Channels formed with T8A-MiRP1 are more sensitive to SMX. Currents and fits as in Fig. 2. (A) Current–dose relationship for channels formed with wild-type MiRP1 (open circles) and T8A-MiRP1 (filled circles) in the presence of increasing amounts of TMP/SMX. Data from peak currents at −40 mV after a prepulse to +20 mV by using the standard protocol. Fits give values for wild-type MiRP1 of K_i = 380 ± 40 μg/ml and n = 1.8 ± 0.3 and for T8A-MiRP1 of K_i = 210 ± 30 μg/ml and n = 1.9 ± 0.2; 13 cells in each case. (B) Current–dose relationships in the presence of TMP for wild-type MiRP1 (open circles) and T8A-MiRP1 (filled circles). Fits give values for K_i and n of 71 ± 12 μg/ml and 1.8 ± 0.4 for wild-type MiRP1 and 75 ± 9 μg/ml and 1.9 ± 0.3 for T8A-MiRP1; 5 cells each case. The data thus suggest inhibition was cooperative and two TMP molecules were required to block. (C) Whole-cell currents recorded from channels formed with wild-type MiRP1 (WT) and T8A-MiRP1 (T8A) in the absence (left column) or presence of 633 μg/ml of SMX (+SMX). Scale bars represent 50 pA and 40 pA for wild type and T8A, respectively, and 1 s. (D) Current–dose relationships in the presence of SMX for wild-type MiRP1 (open circles) and T8A-MiRP1 (filled circles). Fits give values for K_i and n of 2,600 ± 200 μg/ml and 1.6 ± 0.6 for wild-type MiRP1 and 675 ± 60 μg/ml and 1.4 ± 0.2 for T8A-MiRP1; 6 cells each case.

Figure 4

Missense mutations and drug inhibition combine to diminish potassium flux. Simulated cardiac action potentials were used to study channels formed with wild-type MiRP1, A116V-MiRP1 and T8A-MiRP1 with HERG in CHO cells. (A) Whole-cell currents for simulated action potentials with wild-type MiRP1 and A116V-MiRP1 (*) in the absence and presence of 0.5 μg/ml quinidine (+quinid). Scale bars represent 1.3 pA/pF and 0.8 s. (Inset) Protocol: holding −80 mV, voltage ramp from 40 to −80 mV, dV/dt = −71 mV/s. (B) Normalized potassium flux assessed by measurement of area under the curve for simulated action potentials in cells expressing wild-type MiRP1 (WT) or A116V-MiRP1 (A116V) in the presence of 0.5 μg/ml quinidine (+quinid) normalized to wild-type channels without drug. Currents were divided by cell capacitance before normalization.
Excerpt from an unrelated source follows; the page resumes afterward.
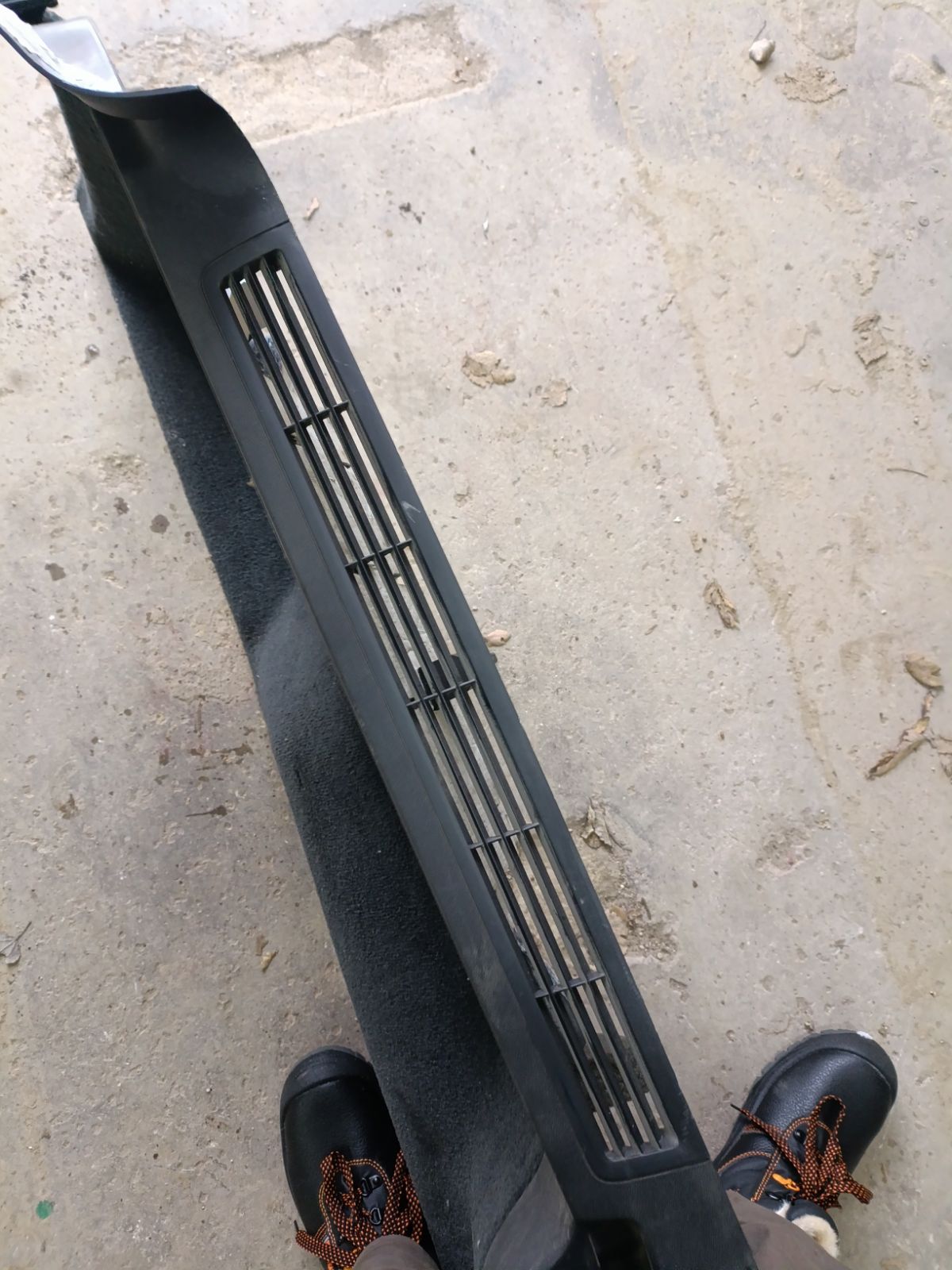 Обшивка багажника на Volvo Xc70 BZ Фото 8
Each bar represents the mean ± SEM for 6–10 cells. (C) Whole-cell currents for simulated action potentials with wild-type MiRP1 and T8A-MiRP1 (*) in the absence and presence of 300 μg/ml SMX. Scale bars represent 1.6 pA/pF and 0.8 s. (D) Normalized potassium flux assessed by measurement of area under the curve for simulated action potentials in cells expressing wild-type MiRP1(WT) and T8A-MiRP1 (T8A) in the presence of 300 μg/ml SMX normalized to wild-type channels without drug. Currents were divided by cell capacitance before normalization. Each bar represents the mean ± SEM for 7–10 cells.